The Death of Bees
by Lisa O'Donnell
2012 Harper
Rating 5/5
"Today is Christmas Eve.
Today is my birthday. Today I am fifteen. Today I buried my parents in
the backyard. Neither of them were beloved."
This is the way "The Death of Bees" starts, and Lisa O'Donnell manages to carry on that intensity to the very last page. Marnie and her 11 year old sister Nelly are on their own after hiding their parent's bodies after their mysterious deaths. Set in a dark, dirty, and almost always wet part of Glasgow, this story is told in the alternating voices of Marnie, Nelly, and Lennie, the lonely old gay man who lives next door. The sisters hide the bodies to avoid being taken away and separated by the welfare system. Their parents were drug addicts that did not provide for them and often left them alone for days at a time. Both girls are very bright - Marnie gets straight As and Nelly is a prodigy on the violin, but both are damaged. Marnie drinks vodka, sells drug, and has sex with an older man. Nelly wakes up screaming and has no friends at school. But they work hard to protect each other.

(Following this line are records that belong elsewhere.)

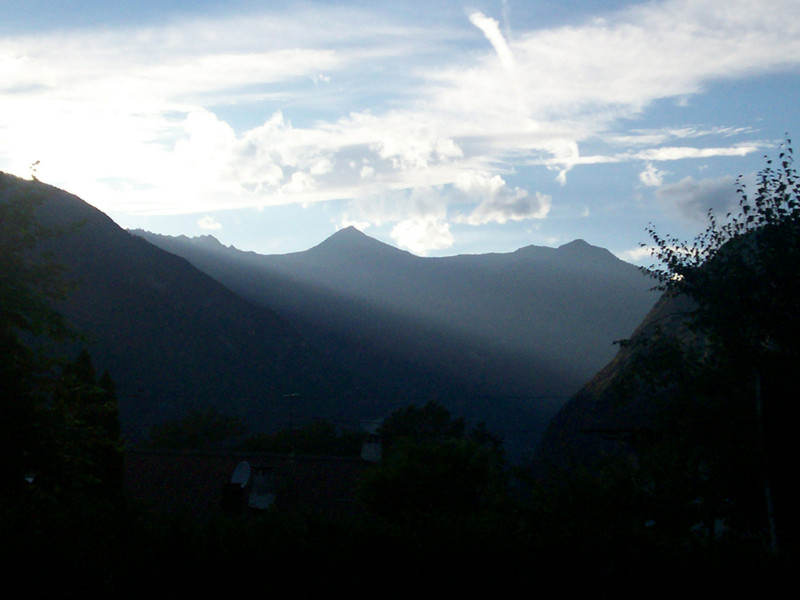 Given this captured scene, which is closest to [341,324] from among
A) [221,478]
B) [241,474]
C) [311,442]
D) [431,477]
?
[311,442]

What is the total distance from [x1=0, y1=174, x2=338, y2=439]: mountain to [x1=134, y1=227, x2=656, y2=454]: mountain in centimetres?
1141

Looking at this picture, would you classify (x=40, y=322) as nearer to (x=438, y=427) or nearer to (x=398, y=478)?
(x=398, y=478)

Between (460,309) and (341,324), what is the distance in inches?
920

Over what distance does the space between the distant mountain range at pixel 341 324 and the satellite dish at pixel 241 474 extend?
3596 cm

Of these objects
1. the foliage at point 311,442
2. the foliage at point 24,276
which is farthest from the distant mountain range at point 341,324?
the foliage at point 24,276

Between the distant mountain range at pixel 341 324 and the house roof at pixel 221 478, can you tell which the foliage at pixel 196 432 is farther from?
the house roof at pixel 221 478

Lennie notices that the parents aren't around anymore and thinks that the sisters have been abandoned. He tries to offer them help and they form a very strange family unit. This book is very dark and sometimes hard to read, but I cared so much for these characters. "The Death of Bees" is definitely my first Best of 2013 book and I can't wait to see what Lisa O'Donnell does next.